One alternative structure is something called a LinkedHashMap. Have a look at the Java implementation if you are interested.
It is essentially a Hash table and a linked list, which allows O(1) queue, dequeue and remove.
This isn't implemented in .Net yet, but there are a few implementations floating around the web.
Now, the question is, why is itemQueue a queue? From your code samples, you never enqueue or dequeue anything from it (except to navigate around the Remove problem). I have a suspicion that your problem could be simplified if a more suitable data structure is used. Could you give examples on what other pieces of code access itemQueue?
This may not work for everyone, but the following is the solution I came up with for removing an item from a concurrent queue, since this is the first google result, I thought I would leave my solution behind.
What I did was temporarily replace the working queue with an empty, convert the original to a list and remove the item(s), then create a new queue from the modified list and put it back.
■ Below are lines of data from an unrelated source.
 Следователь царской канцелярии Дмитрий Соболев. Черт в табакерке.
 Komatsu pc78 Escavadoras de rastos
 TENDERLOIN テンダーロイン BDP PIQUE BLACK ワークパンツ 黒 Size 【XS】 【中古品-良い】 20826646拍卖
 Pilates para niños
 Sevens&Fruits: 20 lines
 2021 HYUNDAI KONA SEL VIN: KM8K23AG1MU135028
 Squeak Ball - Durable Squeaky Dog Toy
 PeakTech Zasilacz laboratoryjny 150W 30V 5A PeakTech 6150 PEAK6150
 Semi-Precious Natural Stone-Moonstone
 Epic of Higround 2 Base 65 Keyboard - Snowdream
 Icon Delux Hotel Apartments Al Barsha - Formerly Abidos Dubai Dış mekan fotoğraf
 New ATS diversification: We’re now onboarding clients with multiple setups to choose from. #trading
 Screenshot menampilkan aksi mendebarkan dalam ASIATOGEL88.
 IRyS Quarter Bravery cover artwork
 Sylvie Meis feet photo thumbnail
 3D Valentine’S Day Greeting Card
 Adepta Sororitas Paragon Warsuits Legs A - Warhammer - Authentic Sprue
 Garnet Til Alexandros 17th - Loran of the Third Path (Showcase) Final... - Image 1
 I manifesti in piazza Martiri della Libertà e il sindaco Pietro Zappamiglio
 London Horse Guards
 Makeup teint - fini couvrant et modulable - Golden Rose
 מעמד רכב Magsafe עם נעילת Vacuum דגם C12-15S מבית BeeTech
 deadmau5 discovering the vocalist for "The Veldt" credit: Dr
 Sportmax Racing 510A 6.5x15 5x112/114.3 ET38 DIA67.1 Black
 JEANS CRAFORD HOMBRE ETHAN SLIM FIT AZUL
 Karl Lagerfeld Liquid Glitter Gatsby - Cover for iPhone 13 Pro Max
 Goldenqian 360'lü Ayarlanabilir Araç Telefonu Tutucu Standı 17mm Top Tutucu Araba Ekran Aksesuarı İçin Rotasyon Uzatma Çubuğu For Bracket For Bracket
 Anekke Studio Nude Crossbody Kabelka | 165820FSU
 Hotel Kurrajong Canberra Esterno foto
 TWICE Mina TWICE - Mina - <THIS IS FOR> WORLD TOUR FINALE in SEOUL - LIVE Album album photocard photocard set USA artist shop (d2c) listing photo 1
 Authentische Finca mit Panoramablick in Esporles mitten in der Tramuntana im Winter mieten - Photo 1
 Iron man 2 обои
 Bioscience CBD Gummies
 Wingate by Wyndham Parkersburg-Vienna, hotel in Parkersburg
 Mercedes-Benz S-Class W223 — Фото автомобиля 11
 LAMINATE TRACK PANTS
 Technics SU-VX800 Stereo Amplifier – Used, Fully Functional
In code (sorry this is VB.net rather C#):
Dim found As Boolean = False
//'Steal the queue for a second, wrap the rest in a try-finally block to make sure we give it back
Dim theCommandQueue = Interlocked.Exchange(_commandQueue, New ConcurrentQueue(Of Command))
Try
Dim cmdList = theCommandQueue.ToList()
For Each item In cmdList
If item Is whateverYouAreLookingFor Then
cmdList.Remove(item)
found = True
End If
Next
//'If we found the item(s) we were looking for, create a new queue from the modified list.
If found Then
theCommandQueue = New ConcurrentQueue(Of Command)(cmdList)
End If
Finally
//'always put the queue back where we found it
Interlocked.Exchange(_commandQueue, theCommandQueue)
End Try
Aside: This is my first answer, so feel free to put up some editing advice and/or edit my answer.
Queues are meant when you want to handle items in a FIFO style, Stacks for LIFO. There is also a concurrentdictionary and a concurrentbag. Make sure that a queue is actually what you want. I don't think I would ever do a foreach on a concurrentqueue.
What you likely want is a single queue for your work items (have them use a common interface and make a queue on the interface, the interface should expose the inherited type to which it can be recast later if needed). If the workitems belong to a parent, then a property can be used which will hold a key to the parent (consider a GUID for the key), and the parent can be kept in a concurrentdictionary and referenced/removed as needed.
If you must do it the way you have it, consider adding a flag. you can then mark the item in the itemqueue as 'closed' or whatever, so that when it is dequeued, it will get ignored.